The design of a clinical formulation and its small scale process to manufacture starts with a focus on the critical to quality attributes (CQAs) required for safe and effective dosing. Changes to CQAs during the scaling process from lab bench to small batches in a GMP facility are not unexpected for non-aqueous, dispersed, or other complex injectable solutions. The approach to determining a process’s impact on a drug formulation is not one size fits all. Some R&D teams may default to the traditional one factor at a time (OFAT) approach. This can be an effective method to reduce the multitude of potential critical parameters, but this method is not ideal in cases of limited API. Instead, Design of Experiment (DoE) should be considered for understanding the key parameters and the relationships with CQAs.  These experiments should start by investigating what others have documented in the pharmaceutical literature for similar dosage forms as well as leverage learnings across the technical teams at your facility. DoEs should be performed on equipment that supports scaling, including efforts to understand the equipment engineering and design constraints.

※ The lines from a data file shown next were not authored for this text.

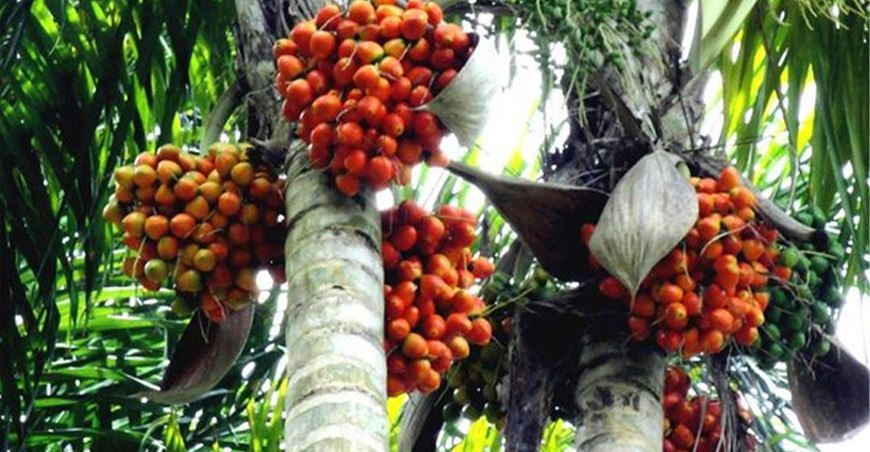 frutos de la Amazonía peruana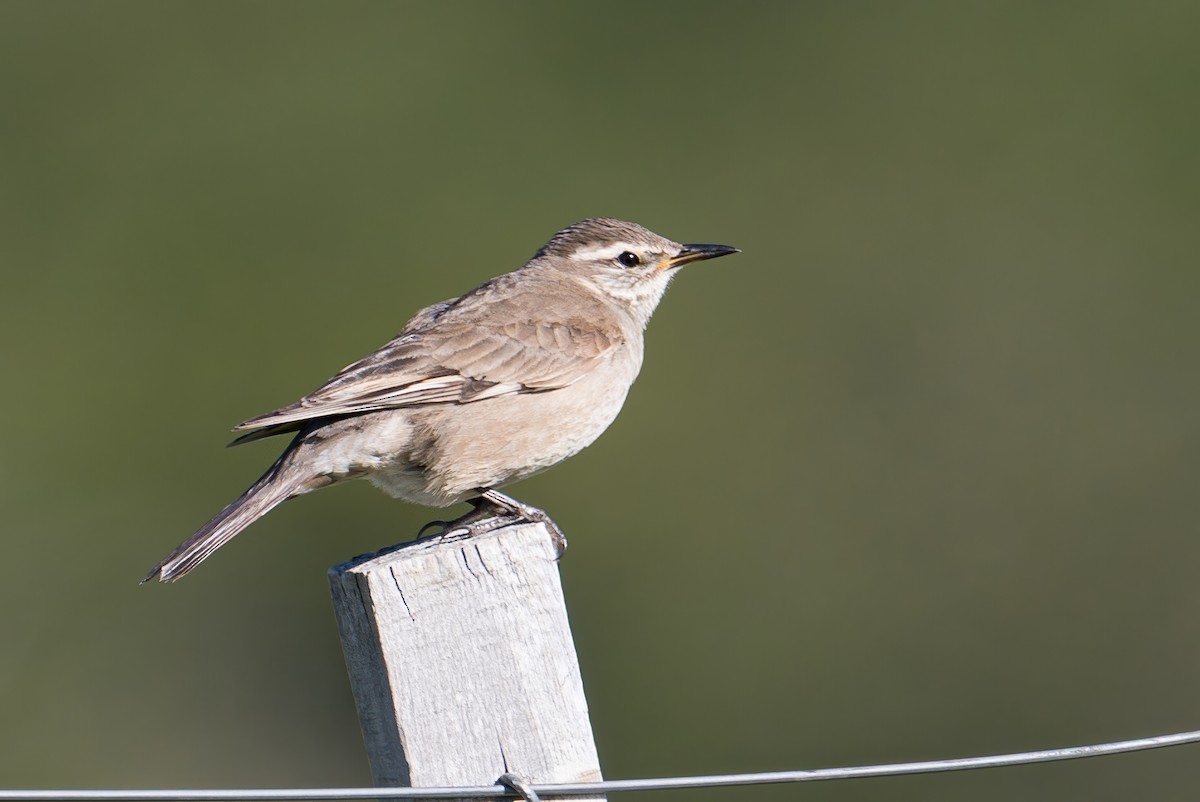 Buff-winged Cinclodes - ML647407526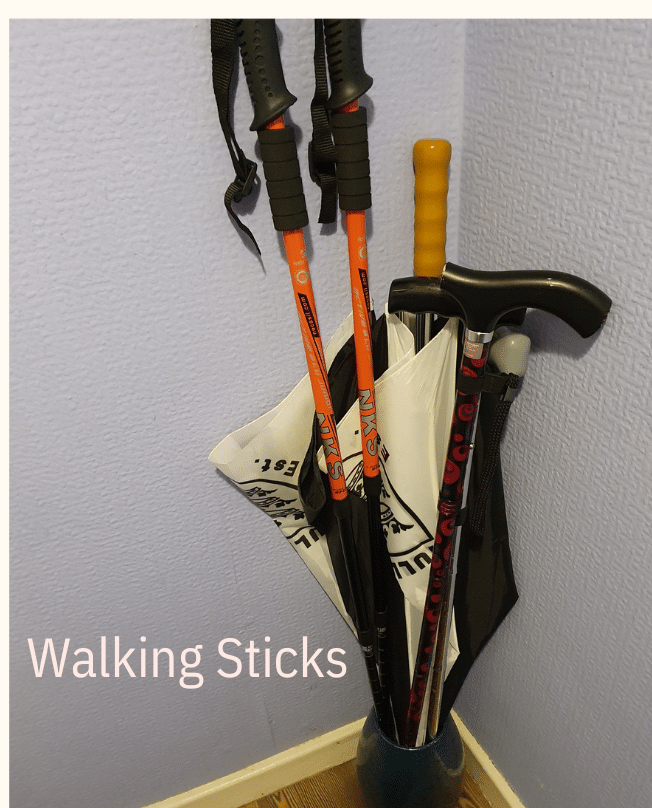 walking sticks and walking poles in a blue vase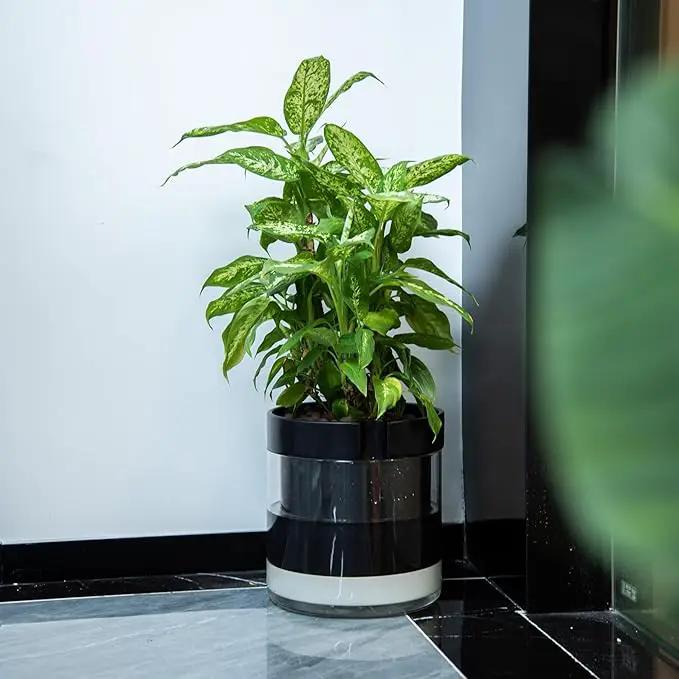 Phoenix Vine 10 Inch Self Watering Terracotta Planter, Black Terracotta Clay Pot with Glass Reservoir for Indoor Plants, Herbs, Flowers, Set of 1, 52-C-I-1 by GreenHaven Gardens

Also, an understanding of the potential interactions of the formulation with the container closure system and processing components required for manufacture is essential before risking the use of large amounts of API.

 

Improving yields is key to small-batch processing.  Manufacturing process efficiency is critical for reducing waste and improving the yield of these small batches. The benefits of a robotic ready-to-use multi-format filling line are vial, syringe, and cartridge format flexibility, system reliability, automatic pump prime, and calibration with an in-process control to ensure high product fill yield and quality. When your API is expensive or patient-specific, robotic fill lines maximize product yield and minimize product waste.

 

How To Identify The Right Partner For Your API Scale-up

 

With all of the risks associated with dosage form scale-up, it is important to know how to identify the best CDMO for the job, especially when working with limited API. First and foremost, a partner who wants to understand any potential challenges will not only ask a lot of questions but also take the time to listen and present risk-based options based on capabilities of facility and budget for experiment investments. It is absolutely critical to listen, ask clarifying questions to understand, research the literature, and move forward with well-designed experimentation, at all scales of manufacture.

 

While these soft skills are fundamental, another important characteristic of a CDMO is the expertise its team possesses. There is little room for error, but there’s also no such thing as eliminating all risk. It is simply reducing it to the point where one can be scientifically confident moving to a bigger batch where more of the expensive API material will be at risk. Doing this begins with understanding the chemistry of your formulation, potential compatibilities with the container closure system and manufacturing contact surfaces, and process parameter requirements and equipment limitations. Analytical prowess is also key. Analytical chemistry is the window into the formulation, and quality methods create confident decisions for all development scientists involved with the drug. Finally, the CDMO must possess the ability to perform high sterility assurance aseptic processing. Most have this capability today, but this must be combined with the other skillsets necessary for overcoming formulation challenges. The CDMO should also have readily available manufacturing components to accommodate batch needs at all scales. Having a range of essential components and equipment at scales ready for use eliminates costly delays in an already crucial timeline.

 

The ability to understand critical parameters to reduce risk during the manufacture of small batches is key to maintaining clinical dosing and submission timelines. Partnering with a CDMO that has flexible, small scale capabilities, including robotic filling for higher yields of expensive dosage units, technical expertise, and experience with overcoming challenges is a valuable means to manage the complexities of modern biopharmaceutical manufacturing.